After dropping columns with missing values, sklearn still throwing ValueError

Question:

I am currently taking the intermediate machine learning course on kaggle, and am quite new to machine learning.

I’m currently trying to create a Random Forest model and implementing OH Encoding on my data, but as it is my first time have been struggling a bit.

To keep things simple, I dropped all data with missing values:

import pandas as pd
from sklearn.model_selection import train_test_split

X = pd.read_csv('/kaggle/input/home-data-for-ml-course/train.csv', index_col='Id') 
X_test = pd.read_csv('/kaggle/input/home-data-for-ml-course/test.csv', index_col='Id')

X.dropna(axis=0, subset=['SalePrice'], inplace=True)
y = X.SalePrice
X.drop(['SalePrice'], axis=1, inplace=True)
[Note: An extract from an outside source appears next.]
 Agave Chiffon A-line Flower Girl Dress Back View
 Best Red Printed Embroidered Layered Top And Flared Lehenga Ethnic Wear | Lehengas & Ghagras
cols_with_missing = [col for col in X.columns if X[col].isnull().any()] 
X.drop(cols_with_missing, axis=1, inplace=True)
X_test.drop(cols_with_missing, axis=1, inplace=True)

X_train, X_valid, y_train, y_valid = train_test_split(X, y,
                                                      train_size=0.8, test_size=0.2,
                                                      random_state=0)

I then encoded my data with OH Encoding:

from sklearn.preprocessing import OneHotEncoder

object_cols = [col for col in X_train.columns if X_train[col].dtype == "object"]

low_cardinality_cols = [col for col in object_cols if X_train[col].nunique() < 10]

num_X_train = X_train.drop(object_cols, axis=1)
num_X_valid = X_valid.drop(object_cols, axis=1)
num_X_test = X_test.drop(object_cols, axis=1)

OH_encoder = OneHotEncoder(handle_unknown='ignore', sparse=False)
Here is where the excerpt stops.